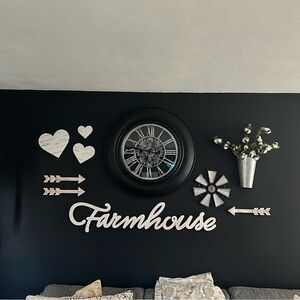 Farmhouse Decor various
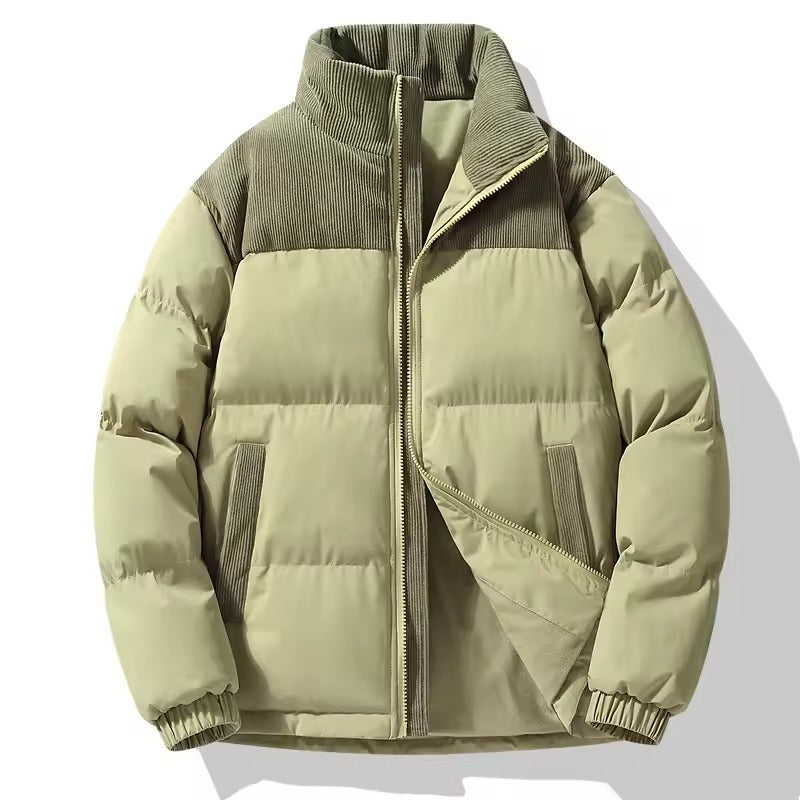 Winston Cotton Jacket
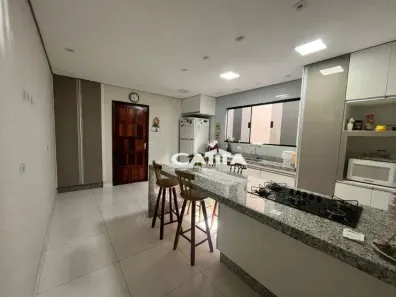 Sobrado com 3 Quartos à venda, 124m² no Cidade Líder, São Paulo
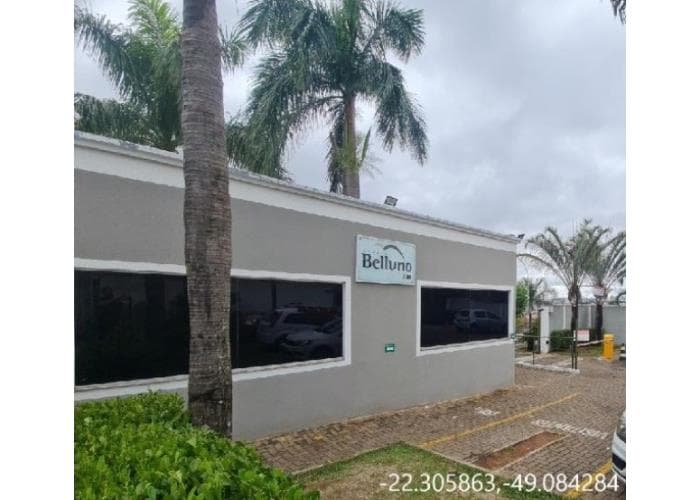 Apartamento em leilão em Bauru - SP — Bauru/SP – Parque União – Apartamento com 46m² Leilão Caixa Econômica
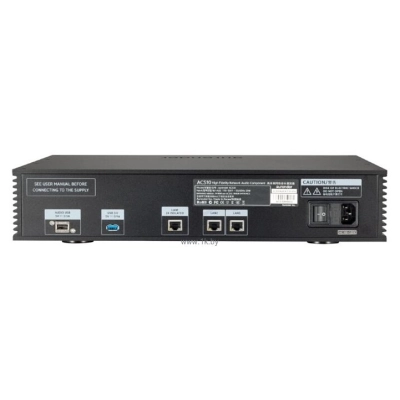 Aurender ACS10 16TB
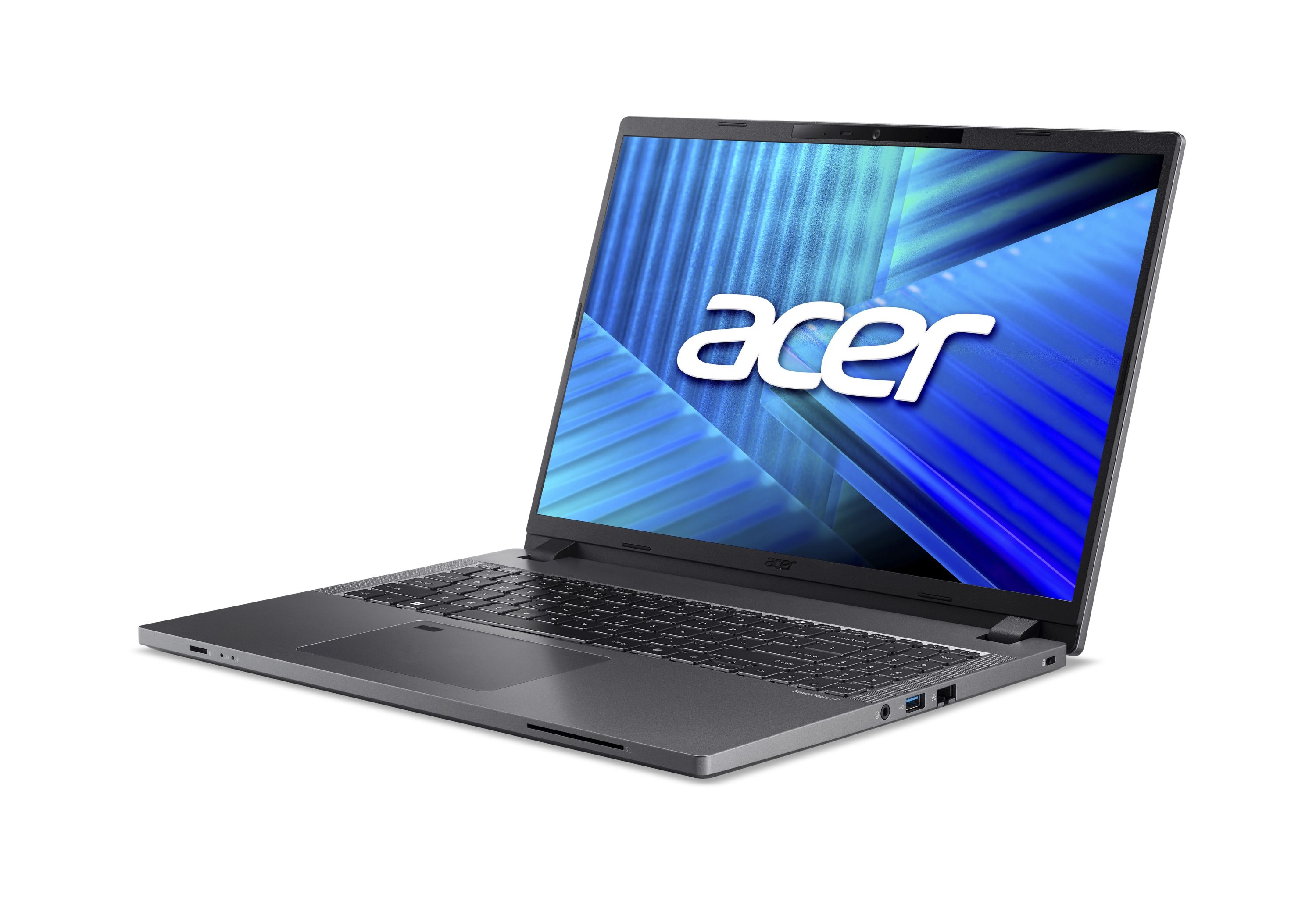 Acer TravelMate P2 16/ TMP216-71-G3-TCO-53AR/ U5-125H/ 16"/ WUXGA/ 16GB/ 512GB/ Intel int/ W11P/ Gray/ 2R 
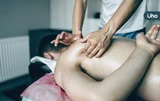 推拿「鬆一下」小心傷脊椎！醫警告「這類人」不適用：最慘恐癱瘓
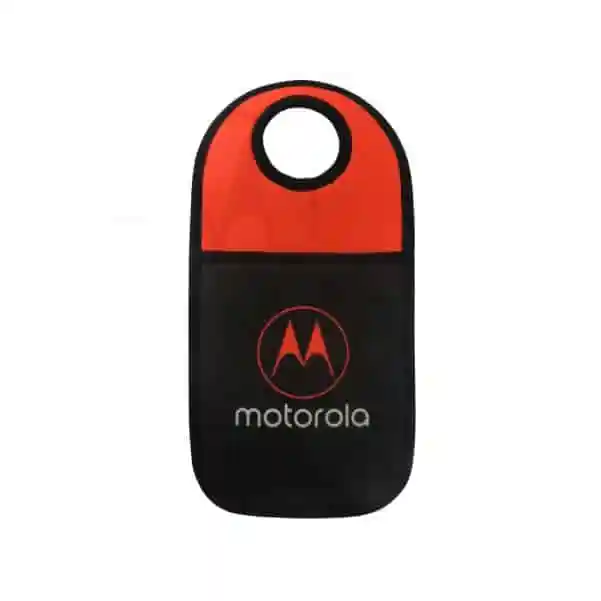 Porta Carregador de Celular de Tecido Personalizado
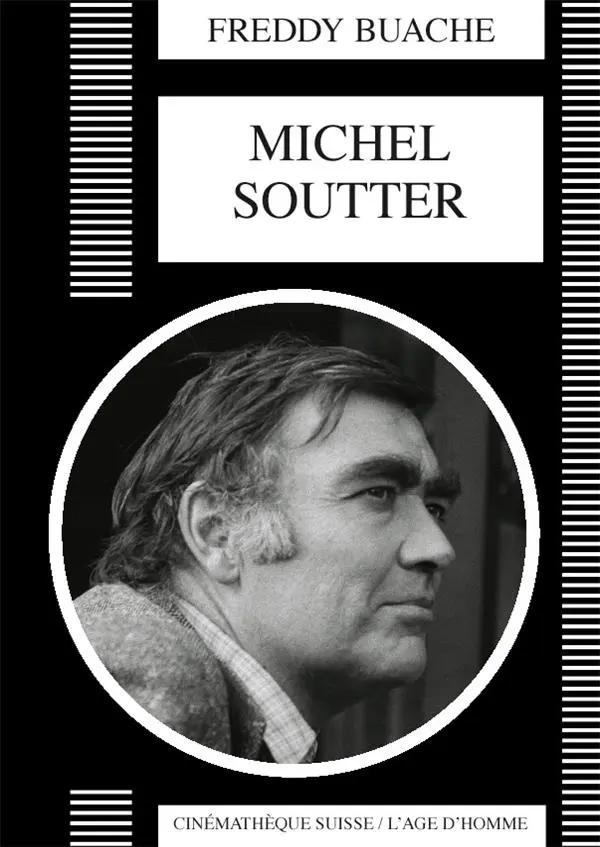 Michel Soutter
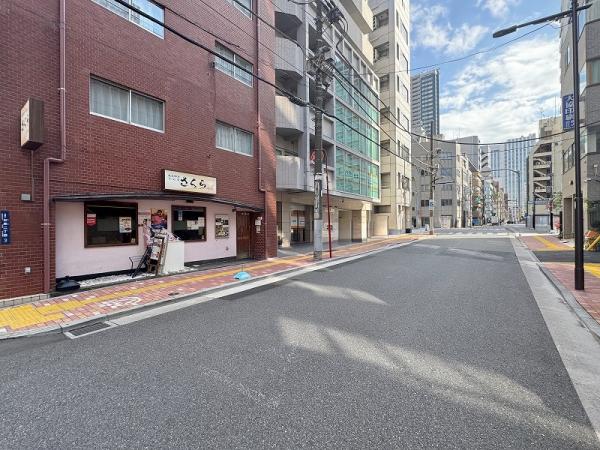 中古マンション 台東区台東２丁目 日比谷線仲御徒町駅 5,300万円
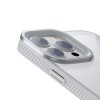 iPhone 13 Pro Max Deksel Crystal Series Grå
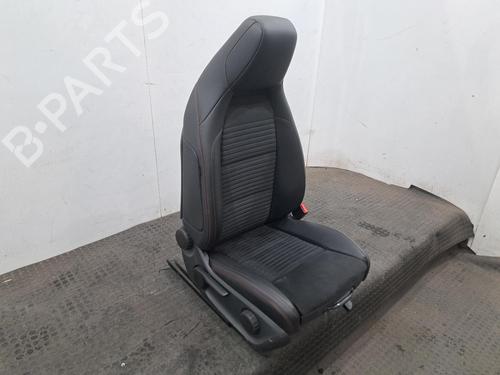 Right front seat MERCEDES-BENZ A-CLASS (W176) A 180 CDI / d (176.012) | BP37641167C16 - Image 2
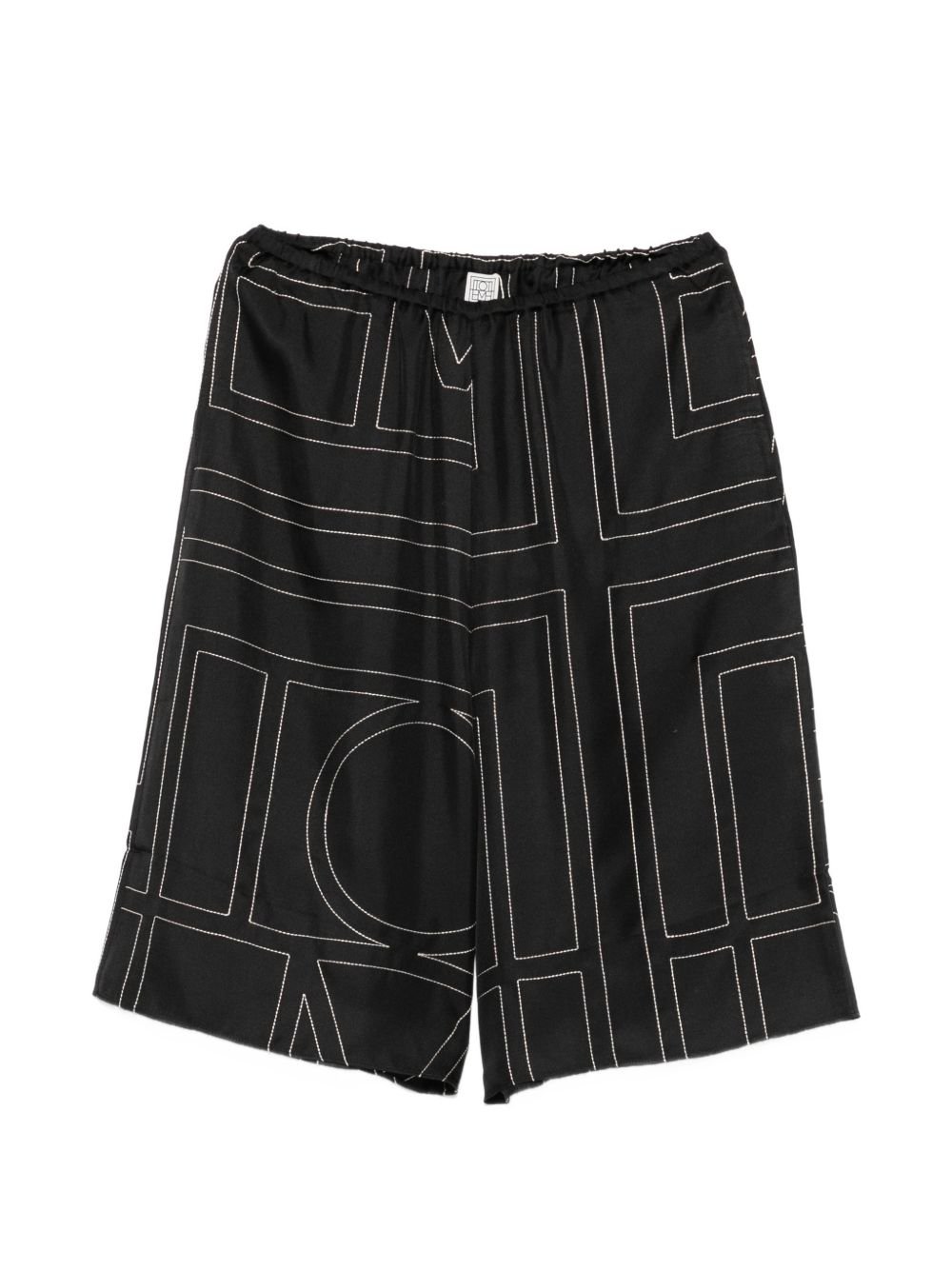 TOTEME PAJAMA 263WRB0422FB0704001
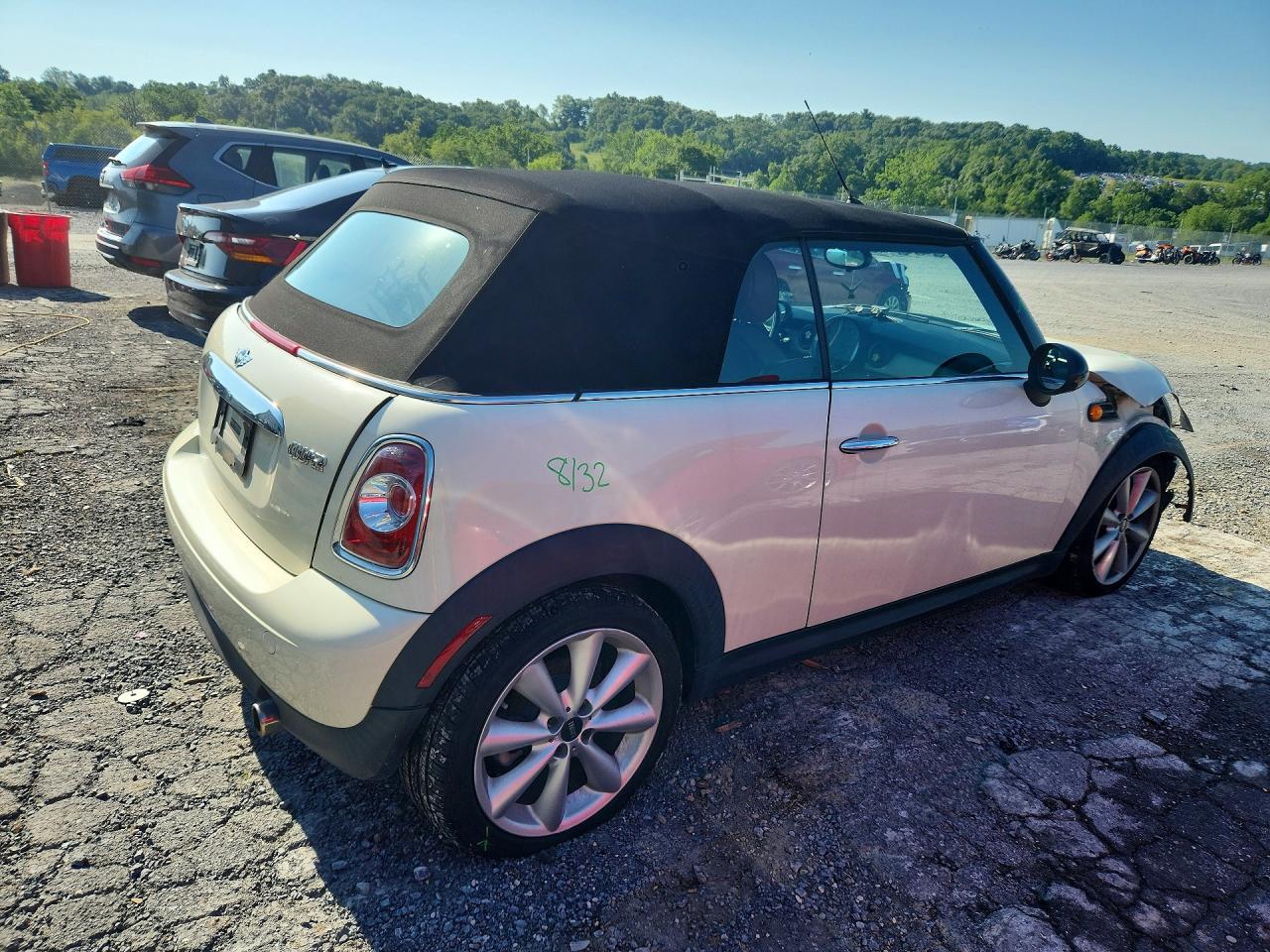 2015 MINI COOPER — снимка 3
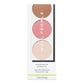 Well People Power Palette Powder Face Trio Empowerment 0.28oz - New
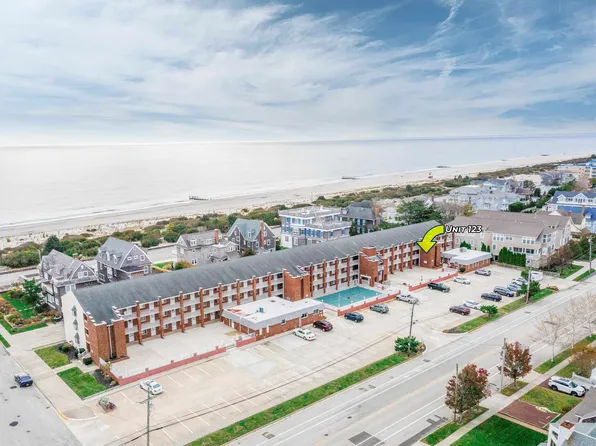 1520 New Jersey Ave APT 123, Cape May, NJ 08204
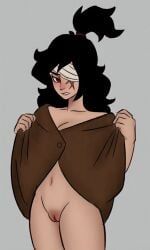 buddy_armstrong, lisa_(series), lisa_the_joyful, lisa_the_painful, 1girls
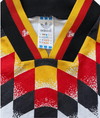 GERMANY 1994 HOME RETRO SHIRT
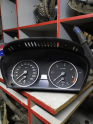 BMW X5 E70 KİLOMETRE SAATİ 2007-2010 A2C53100844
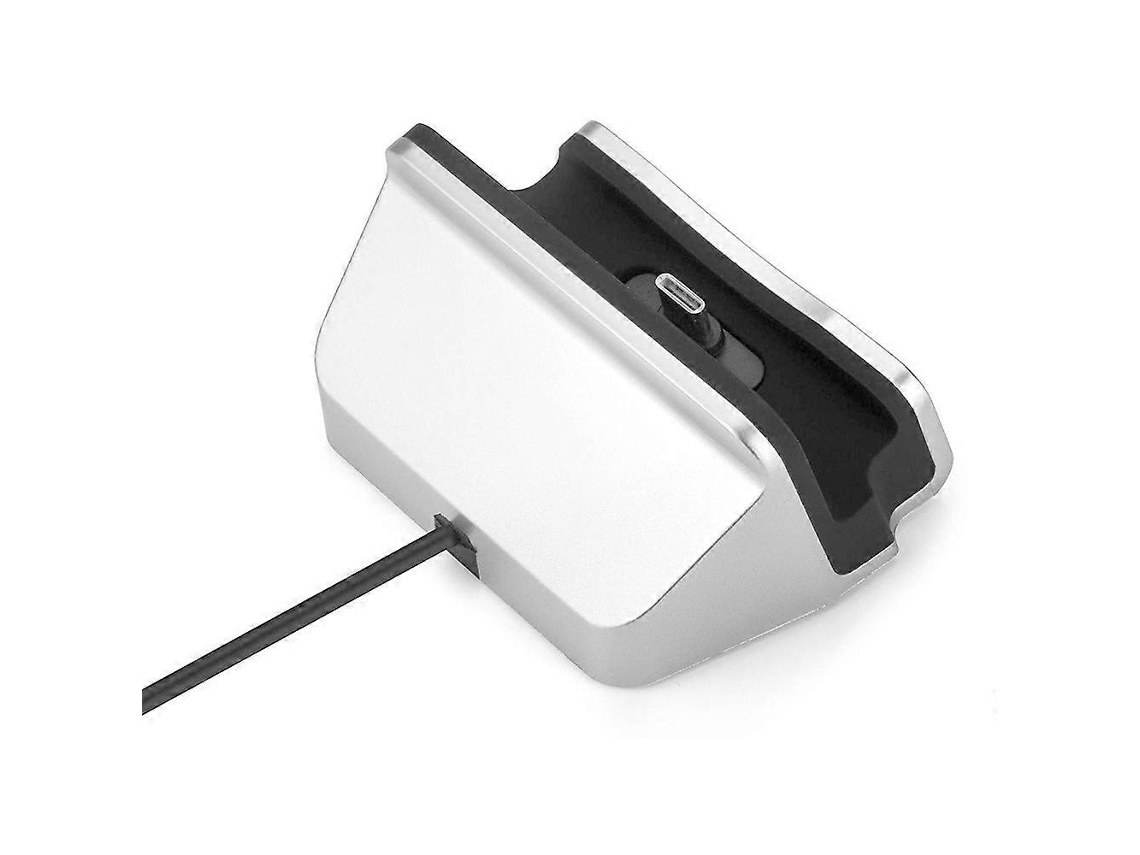 Base De Carregamento Para Telemóvel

» Problem statement: Omit the images; transcribe the listing verbatim.

» Answer section:
 Farmhouse Decor various
 Winston Cotton Jacket
 Sobrado com 3 Quartos à venda, 124m² no Cidade Líder, São Paulo
 Apartamento em leilão em Bauru - SP — Bauru/SP – Parque União – Apartamento com 46m² Leilão Caixa Econômica
 Aurender ACS10 16TB
 Acer TravelMate P2 16/ TMP216-71-G3-TCO-53AR/ U5-125H/ 16"/ WUXGA/ 16GB/ 512GB/ Intel int/ W11P/ Gray/ 2R 
 推拿「鬆一下」小心傷脊椎！醫警告「這類人」不適用：最慘恐癱瘓
 Porta Carregador de Celular de Tecido Personalizado
 Michel Soutter
 中古マンション 台東区台東２丁目 日比谷線仲御徒町駅 5,300万円
 iPhone 13 Pro Max Deksel Crystal Series Grå
 Right front seat MERCEDES-BENZ A-CLASS (W176) A 180 CDI / d (176.012) | BP37641167C16 - Image 2
 TOTEME PAJAMA 263WRB0422FB0704001
 2015 MINI COOPER — снимка 3
 Well People Power Palette Powder Face Trio Empowerment 0.28oz - New
 1520 New Jersey Ave APT 123, Cape May, NJ 08204
 buddy_armstrong, lisa_(series), lisa_the_joyful, lisa_the_painful, 1girls
 GERMANY 1994 HOME RETRO SHIRT
 BMW X5 E70 KİLOMETRE SAATİ 2007-2010 A2C53100844
 Base De Carregamento Para Telemóvel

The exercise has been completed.